### Work request
Everything in the data below is left aside except the lines from the one containing "Discover MahjongWays2: The" through the one containing "Apartamento Nostromondo Orso Lodge"; repeat those exactly.

### Stored data
▼
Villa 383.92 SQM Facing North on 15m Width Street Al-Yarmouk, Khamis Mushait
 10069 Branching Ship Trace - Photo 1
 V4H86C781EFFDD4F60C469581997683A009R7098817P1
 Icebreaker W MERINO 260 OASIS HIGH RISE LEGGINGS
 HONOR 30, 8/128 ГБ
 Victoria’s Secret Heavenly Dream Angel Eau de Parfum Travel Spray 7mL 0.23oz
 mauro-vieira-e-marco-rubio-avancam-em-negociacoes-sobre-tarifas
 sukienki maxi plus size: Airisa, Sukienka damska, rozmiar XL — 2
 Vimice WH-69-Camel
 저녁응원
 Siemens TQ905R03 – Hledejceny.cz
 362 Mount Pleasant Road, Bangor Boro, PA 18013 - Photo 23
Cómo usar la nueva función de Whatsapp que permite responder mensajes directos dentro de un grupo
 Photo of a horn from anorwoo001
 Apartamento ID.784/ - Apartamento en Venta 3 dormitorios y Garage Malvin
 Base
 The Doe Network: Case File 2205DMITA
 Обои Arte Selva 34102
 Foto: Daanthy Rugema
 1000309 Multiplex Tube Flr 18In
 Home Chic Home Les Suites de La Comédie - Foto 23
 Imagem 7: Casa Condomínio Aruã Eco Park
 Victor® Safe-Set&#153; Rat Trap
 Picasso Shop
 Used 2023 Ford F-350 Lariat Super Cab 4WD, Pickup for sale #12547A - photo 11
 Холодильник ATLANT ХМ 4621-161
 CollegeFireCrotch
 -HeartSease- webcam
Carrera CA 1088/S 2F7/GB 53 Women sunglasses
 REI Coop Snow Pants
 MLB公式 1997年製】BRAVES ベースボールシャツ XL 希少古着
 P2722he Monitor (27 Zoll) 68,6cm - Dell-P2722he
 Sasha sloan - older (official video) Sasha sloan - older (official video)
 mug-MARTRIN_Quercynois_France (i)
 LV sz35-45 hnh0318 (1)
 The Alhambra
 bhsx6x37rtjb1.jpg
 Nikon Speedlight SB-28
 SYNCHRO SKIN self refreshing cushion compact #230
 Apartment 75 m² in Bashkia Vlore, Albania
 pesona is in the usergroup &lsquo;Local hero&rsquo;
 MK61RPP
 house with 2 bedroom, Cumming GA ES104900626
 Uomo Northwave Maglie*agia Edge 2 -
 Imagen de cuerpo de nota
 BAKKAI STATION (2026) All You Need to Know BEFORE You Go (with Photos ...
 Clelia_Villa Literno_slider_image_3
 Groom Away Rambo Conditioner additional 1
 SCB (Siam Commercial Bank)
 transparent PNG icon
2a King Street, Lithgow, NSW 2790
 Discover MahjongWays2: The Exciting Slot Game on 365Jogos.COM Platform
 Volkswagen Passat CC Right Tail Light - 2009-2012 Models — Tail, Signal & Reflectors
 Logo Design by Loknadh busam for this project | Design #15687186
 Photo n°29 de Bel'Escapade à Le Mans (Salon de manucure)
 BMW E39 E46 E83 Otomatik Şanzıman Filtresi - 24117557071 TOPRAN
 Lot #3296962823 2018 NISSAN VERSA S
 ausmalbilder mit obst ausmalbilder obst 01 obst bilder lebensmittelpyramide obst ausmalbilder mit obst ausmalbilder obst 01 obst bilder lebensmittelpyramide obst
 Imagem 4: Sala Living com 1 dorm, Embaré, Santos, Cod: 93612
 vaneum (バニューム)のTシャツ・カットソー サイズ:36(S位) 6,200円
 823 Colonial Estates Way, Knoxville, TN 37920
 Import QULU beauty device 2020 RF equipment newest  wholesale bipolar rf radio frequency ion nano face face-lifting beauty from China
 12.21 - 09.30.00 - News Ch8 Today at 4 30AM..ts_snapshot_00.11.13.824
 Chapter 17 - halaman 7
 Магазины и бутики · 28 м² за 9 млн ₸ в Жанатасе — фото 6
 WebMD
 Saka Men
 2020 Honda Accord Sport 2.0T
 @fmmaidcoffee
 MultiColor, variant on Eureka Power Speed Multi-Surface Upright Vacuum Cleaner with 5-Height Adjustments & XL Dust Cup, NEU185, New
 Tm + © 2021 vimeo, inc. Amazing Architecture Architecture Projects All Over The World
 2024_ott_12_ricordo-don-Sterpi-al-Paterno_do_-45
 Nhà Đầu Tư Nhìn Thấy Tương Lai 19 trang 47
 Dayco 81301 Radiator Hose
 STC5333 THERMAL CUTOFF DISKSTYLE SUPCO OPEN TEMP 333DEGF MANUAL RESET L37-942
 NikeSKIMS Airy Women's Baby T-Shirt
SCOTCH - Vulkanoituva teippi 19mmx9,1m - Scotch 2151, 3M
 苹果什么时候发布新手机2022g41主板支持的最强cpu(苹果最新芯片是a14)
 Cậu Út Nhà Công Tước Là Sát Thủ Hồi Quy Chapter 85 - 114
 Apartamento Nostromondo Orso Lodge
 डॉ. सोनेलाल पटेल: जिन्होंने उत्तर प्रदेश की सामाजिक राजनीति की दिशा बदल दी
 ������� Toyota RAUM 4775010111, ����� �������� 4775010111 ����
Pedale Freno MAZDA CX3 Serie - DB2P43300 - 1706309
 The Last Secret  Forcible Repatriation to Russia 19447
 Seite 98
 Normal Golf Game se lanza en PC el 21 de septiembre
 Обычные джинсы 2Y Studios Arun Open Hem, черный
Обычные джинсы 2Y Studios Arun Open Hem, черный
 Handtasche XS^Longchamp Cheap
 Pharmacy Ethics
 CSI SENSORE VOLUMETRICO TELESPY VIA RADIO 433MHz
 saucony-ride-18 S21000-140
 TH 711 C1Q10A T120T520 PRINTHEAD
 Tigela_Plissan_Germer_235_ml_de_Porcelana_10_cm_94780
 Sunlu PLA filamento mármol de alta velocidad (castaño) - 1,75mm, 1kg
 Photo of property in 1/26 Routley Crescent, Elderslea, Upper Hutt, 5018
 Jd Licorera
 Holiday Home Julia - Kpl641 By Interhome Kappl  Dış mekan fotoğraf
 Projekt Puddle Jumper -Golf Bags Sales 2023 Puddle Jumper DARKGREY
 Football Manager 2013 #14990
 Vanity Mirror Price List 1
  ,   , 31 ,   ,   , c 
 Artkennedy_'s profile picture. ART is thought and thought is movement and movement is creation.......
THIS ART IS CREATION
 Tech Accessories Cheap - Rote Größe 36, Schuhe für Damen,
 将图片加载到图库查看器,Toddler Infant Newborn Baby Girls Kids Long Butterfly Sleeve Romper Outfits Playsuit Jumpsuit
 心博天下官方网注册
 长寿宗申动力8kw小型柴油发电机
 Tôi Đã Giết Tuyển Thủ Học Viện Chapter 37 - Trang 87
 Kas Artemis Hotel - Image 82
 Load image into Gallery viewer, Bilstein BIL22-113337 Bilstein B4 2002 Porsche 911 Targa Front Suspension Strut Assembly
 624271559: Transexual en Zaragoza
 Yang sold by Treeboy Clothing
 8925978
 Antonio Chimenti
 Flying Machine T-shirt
▲
### Your response
 Discover MahjongWays2: The Exciting Slot Game on 365Jogos.COM Platform
 Volkswagen Passat CC Right Tail Light - 2009-2012 Models — Tail, Signal & Reflectors
 Logo Design by Loknadh busam for this project | Design #15687186
 Photo n°29 de Bel'Escapade à Le Mans (Salon de manucure)
 BMW E39 E46 E83 Otomatik Şanzıman Filtresi - 24117557071 TOPRAN
 Lot #3296962823 2018 NISSAN VERSA S
 ausmalbilder mit obst ausmalbilder obst 01 obst bilder lebensmittelpyramide obst ausmalbilder mit obst ausmalbilder obst 01 obst bilder lebensmittelpyramide obst
 Imagem 4: Sala Living com 1 dorm, Embaré, Santos, Cod: 93612
 vaneum (バニューム)のTシャツ・カットソー サイズ:36(S位) 6,200円
 823 Colonial Estates Way, Knoxville, TN 37920
 Import QULU beauty device 2020 RF equipment newest  wholesale bipolar rf radio frequency ion nano face face-lifting beauty from China
 12.21 - 09.30.00 - News Ch8 Today at 4 30AM..ts_snapshot_00.11.13.824
 Chapter 17 - halaman 7
 Магазины и бутики · 28 м² за 9 млн ₸ в Жанатасе — фото 6
 WebMD
 Saka Men
 2020 Honda Accord Sport 2.0T
 @fmmaidcoffee
 MultiColor, variant on Eureka Power Speed Multi-Surface Upright Vacuum Cleaner with 5-Height Adjustments & XL Dust Cup, NEU185, New
 Tm + © 2021 vimeo, inc. Amazing Architecture Architecture Projects All Over The World
 2024_ott_12_ricordo-don-Sterpi-al-Paterno_do_-45
 Nhà Đầu Tư Nhìn Thấy Tương Lai 19 trang 47
 Dayco 81301 Radiator Hose
 STC5333 THERMAL CUTOFF DISKSTYLE SUPCO OPEN TEMP 333DEGF MANUAL RESET L37-942
 NikeSKIMS Airy Women's Baby T-Shirt
SCOTCH - Vulkanoituva teippi 19mmx9,1m - Scotch 2151, 3M
 苹果什么时候发布新手机2022g41主板支持的最强cpu(苹果最新芯片是a14)
 Cậu Út Nhà Công Tước Là Sát Thủ Hồi Quy Chapter 85 - 114
 Apartamento Nostromondo Orso Lodge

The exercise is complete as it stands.